Deep dive into ‘The Shining’
By Ann Hornaday
Friday, April 12, 2013
In an era when Audience is King -- when movies can get made on the strength of a Kickstarter campaign and an amateur effort like “Fifty Shades of Grey” becomes as big a hit as the “Twilight” books that inspired it -- there’s a certain sense to be found in the existence of “Room 237,” if not in its substance.
Rodney Ascher’s documentary about the 1980 Stanley Kubrick horror film “The Shining” and five obsessive viewers with elaborate ideas about its hidden meanings belongs to a post-modern wave of film consumption, wherein spectators are increasingly emboldened to short-circuit conventional criticism and even a filmmaker’s stated aims and take the wheel of cultural discourse themselves.
“Room 237” might be ushering in a new and inevitable genre: fan faction.

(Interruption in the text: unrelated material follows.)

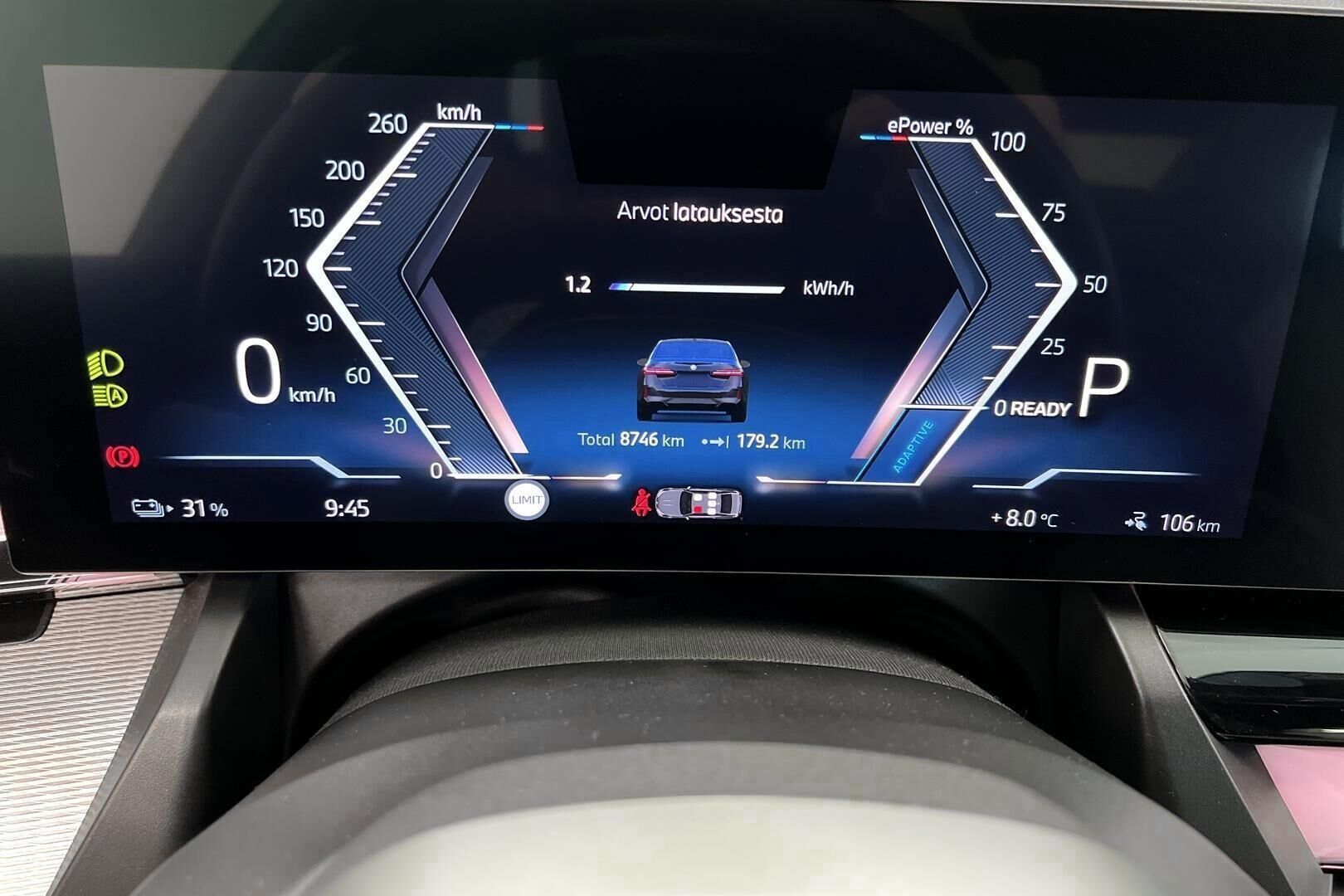 BMW i5 iso kuva 13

Propelled by the certainty of a chest-poking drunk at a cocktail party or the most dedicated buff peering out from a manhole on Dealey Plaza, the testifiers of “Room 237” are nothing if not tireless in convincing us that they hold the golden ticket to Kubrick’s deepest motivations. ABC News correspondent Bill Blakemore elegantly links the director’s strategic positioning of Calumet Baking Powder cans in the Overlook Hotel’s pantry to prove that “The Shining” -- which was based on Stephen King’s 1977 novel -- is an allegory for the European genocide of Native Americans. History professor Geoffrey Cocks notices the typewriter Jack Nicholson’s character uses to not write his novel in the film and finally deduces that “The Shining” is Kubrick’s cri de coeur about the Holocaust.
Playwright Juli Kearns harbors an abiding fascination with the window in the hotel manager’s office, which opens -- at least figuratively -- to myriad architectural impossibilities, which she has neatly catalogued in a series of carefully drawn maps. Artist John Fell Ryan specializes in screening “The Shining” backwards and forwards simultaneously to elicit buried synchronicities (no word on whether Pink Floyd is involved), and Jay Weidner is convinced that Kubrick made the film as an apologia for his role in staging the Apollo 11 moon landing.

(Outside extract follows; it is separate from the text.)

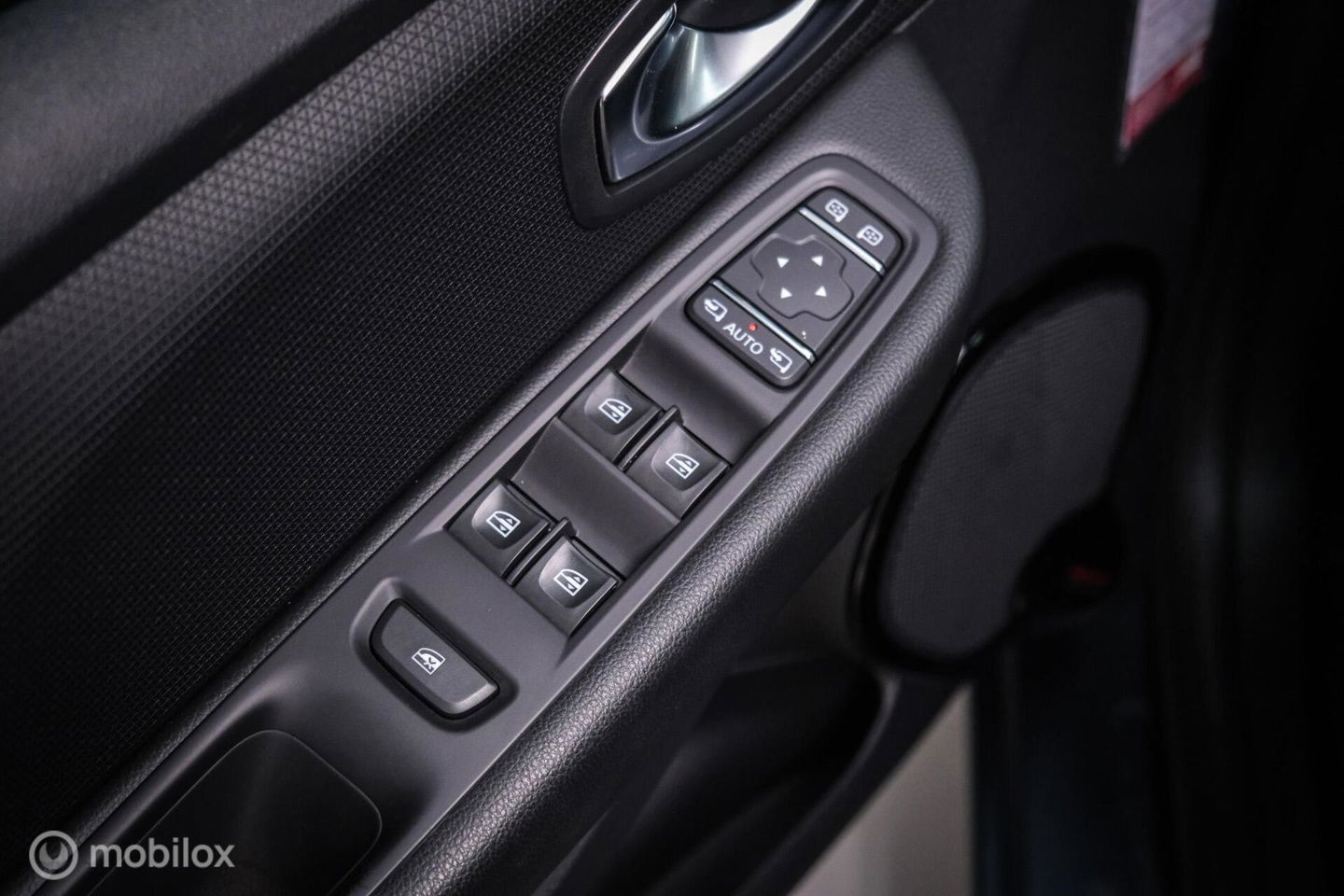 Renault Clio Estate 0.9 TCe Intens | Trekhaak | Alcantara | LED koplampen | NL auto NAP | Cruise |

It would all be insufferable had Ascher not made the brilliant decision to stage “Room 237” not as a talking-heads documentary but as a montage of Kubrick’s own films, using snippets of “The Killing,” “Lolita,” “2001: A Space Odyssey,” “Eyes Wide Shut” and others to illustrate what his subjects are saying off-camera (the filmmaker also makes judicious use of other films from the era, including “All the President’s Men”). What might have been a tiresome stew of obsession, projection, Freud, Jung and continuity errors re-purposed as conspiracy fodder instead becomes a hypnotic homage to a cinematic master whose absence is all the more palpable for his fans’ desperate attempts to revive them: resurrection by interpretation.
You don’t have to buy into these revisionists’ most outlandish notions to find their meditations intriguing -- and even true in the most global, humanistic sense. “Room 237” turns out to be about many things, including how we process history, human evil and our own mortality. But perhaps there are buried meanings in “Room 237” itself, which at its most touching and profound seems suffused with unresolved grief. Kubrick died too soon in 1999 at the age of 70. As “Room 237” attests, at least we’ll always have his movies to kick around.Contains disturbing material.